Dataset excerpt >>
════
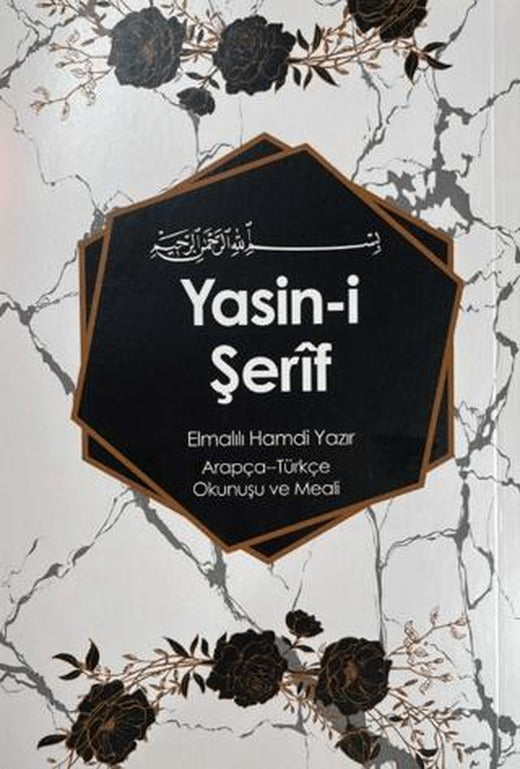 Yasin-i Şerif | Ecrin Yayınları (Ciltsiz)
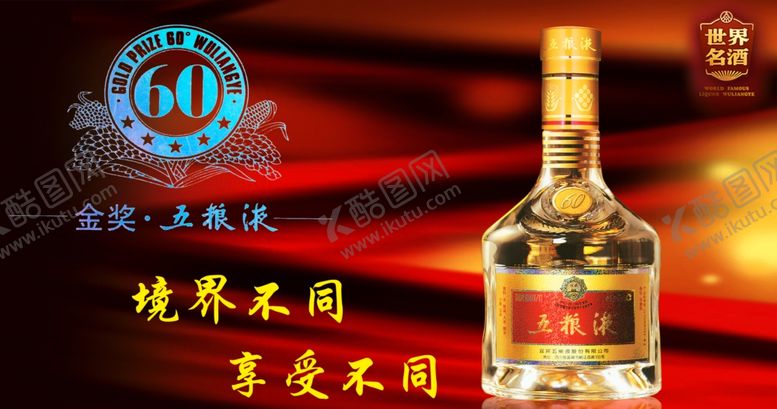 编号：77610609270313066745【酷图网】源文件下载-五粮液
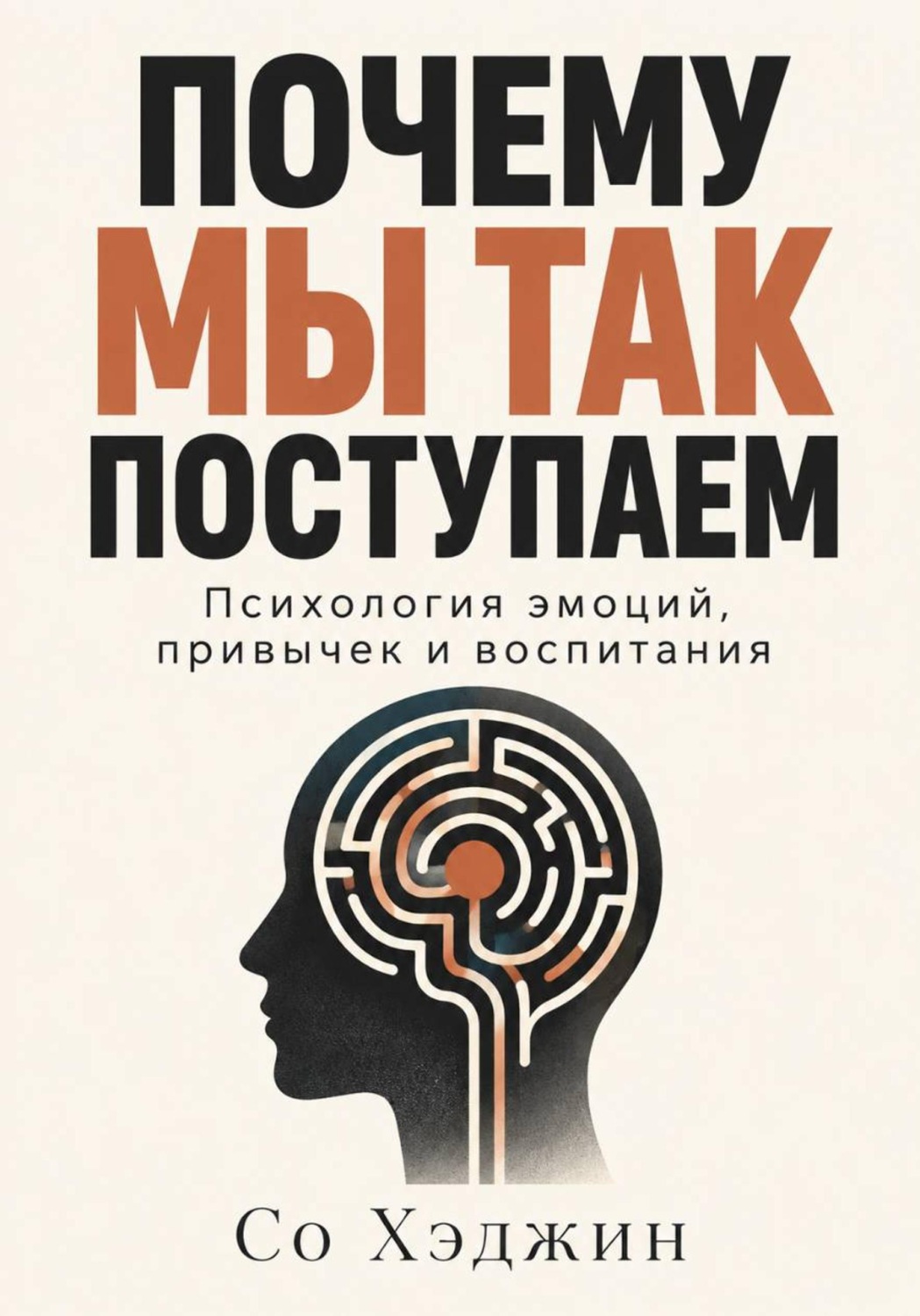 Обложка книги «Почему мы так поступаем. Психология эмоций, привычек и воспитания»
════
Exercise brief >> Repeat the listing exactly, pictures excluded.

Response >>
 Yasin-i Şerif | Ecrin Yayınları (Ciltsiz)
 编号：77610609270313066745【酷图网】源文件下载-五粮液
 Обложка книги «Почему мы так поступаем. Психология эмоций, привычек и воспитания»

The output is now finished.